In an interview with CUBuffs.com, he described his emotions as “very excited,” and added, “I really wanted to make an impression, although I honestly didn’t play excellent, but we won the game and that’s all that matters.”
He has left a good impression among the Knicks’ organization and fans. Playing in 56 games this season, Copeland averaged 8.7 points in 15.4 minutes a game. However, in the final month of the season his scoring average almost doubled, going to 15.0.
There are few current players with a more intriguing story than Copeland, a 29-year-old rookie who grew up in Newark, N.J., played college basketball in Boulder, and then spent six years traveling from the NBA’s Developmental League across Europe. He finally found a fit on an NBA roster in a city he calls home.
“I still have a lot of family across the water (in New Jersey),” said Copeland. “It’s basically a big-time homecoming for me, and it’s great to be back.”
Playing in front of 20,000 of the world’s most passionate sports fans on a nightly basis is quite a contrast from his playing days in Europe and college. Yet the stage isn’t too big for Copeland; in fact he feels most comfortable playing on basketball’s biggest platform.
“I think it’s every basketball player’s dream to play here. It’s the Garden, it’s the Mecca of basketball. It is such a blessing to be here,” Copeland said. “We get nothing but good vibes when we come into the building. I think a lot of (the fans) appreciate my story and I think they can relate to the nature of me being basically just a blue-collar player.”

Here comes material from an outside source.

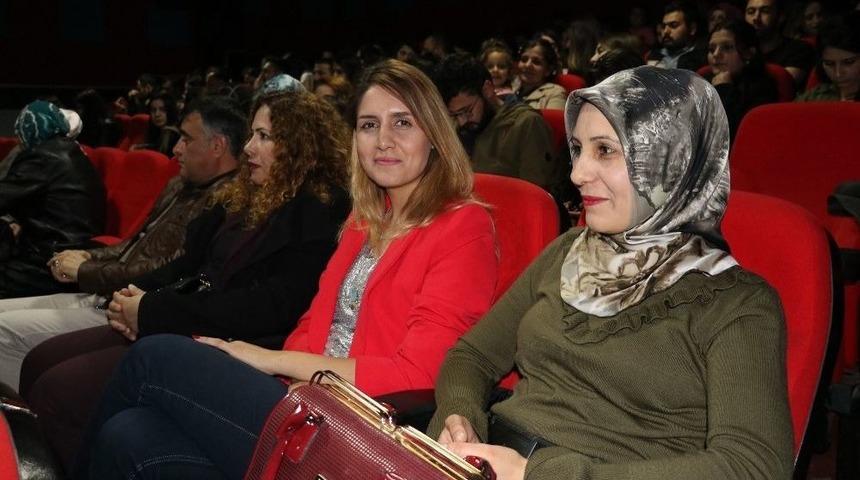 Van Kent Sanat Ve Dans Akademisinden ‘bana Bir Şeyhler Oluyor’ Oyunu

New York fans have taken a liking to Copeland and rest of the Knicks squad for good reason. Boasting a 54-28 record, including 31-10 in the Garden, the team had its winningest season in over 15 years (since 1996-97).
The Knicks finished second in the Eastern Conference to the Miami Heat, which won more games (66) than any other team in the NBA.
However, after a four-game losing streak in the middle of March, the Knicks were not looking like a very special team and needed a spark.
It was Copeland.
In the final game of a five-game road trip at Utah on March 18th, Copeland put forth an impressive outing by scoring 14 points for a team that was missing two of its most valued players in Carmelo Anthony and Tyson Chandler. Thanks in part to Copeland’s play, the Knicks would go on to win 90-83 to begin an eventual 13-game winning streak.
One reason Copeland realized his life-long dream of making it to the NBA is because of his confidence level. It’s not to say he isn’t humble, as you have to be when you are nearly 30-years-old and still receiving the same hazing as most 20-year-old rookies.
But his experiences over the years provide him with such sureness in his ability to perform at the highest level of competition.
“I’m confident (but) it doesn’t mean I think I’m the best player to ever play,” Copeland said. “But I believe in myself and so do my teammates and coaches, which only gives me more confidence at the end of the day.”
He says being on a roster featuring so many all-star names such as Anthony, Chandler, Amar’e Stoudemire, Jason Kidd, Kenyon Martin, and others has been a blessing. All have served as mentors in different parts of his game helping him to adopt “new tricks and techniques” to further his development.
The winning streak Copeland assisted in starting served a pivotal role in helping the Knicks secure the Atlantic Division title for the first time since the 1993-94 season.
Copeland called contributing to such a special season “amazing. It is such a good feeling being out in the city and you can tell the fans have been waiting for a season like this.
“It is a great thing to be a part of; I’m so excited to be along for the ride and I just thank God and the Knicks organization for giving me this opportunity.”
The goal now is to not let the unbelievable ride come to a screeching stop, and Copeland doesn’t think it will anytime soon.
“We are just going to go out there and play one game at a time and see how it goes, and I think we are pretty confident in ourselves that we’ll get the job done,” he said.
The Knicks currently lead the best-of-seven series against the Celtics 2-0 after winning Game 2, 87-71 on Tuesday night in New York, with Games 3 and 4 scheduled in Boston on Friday and Sunday.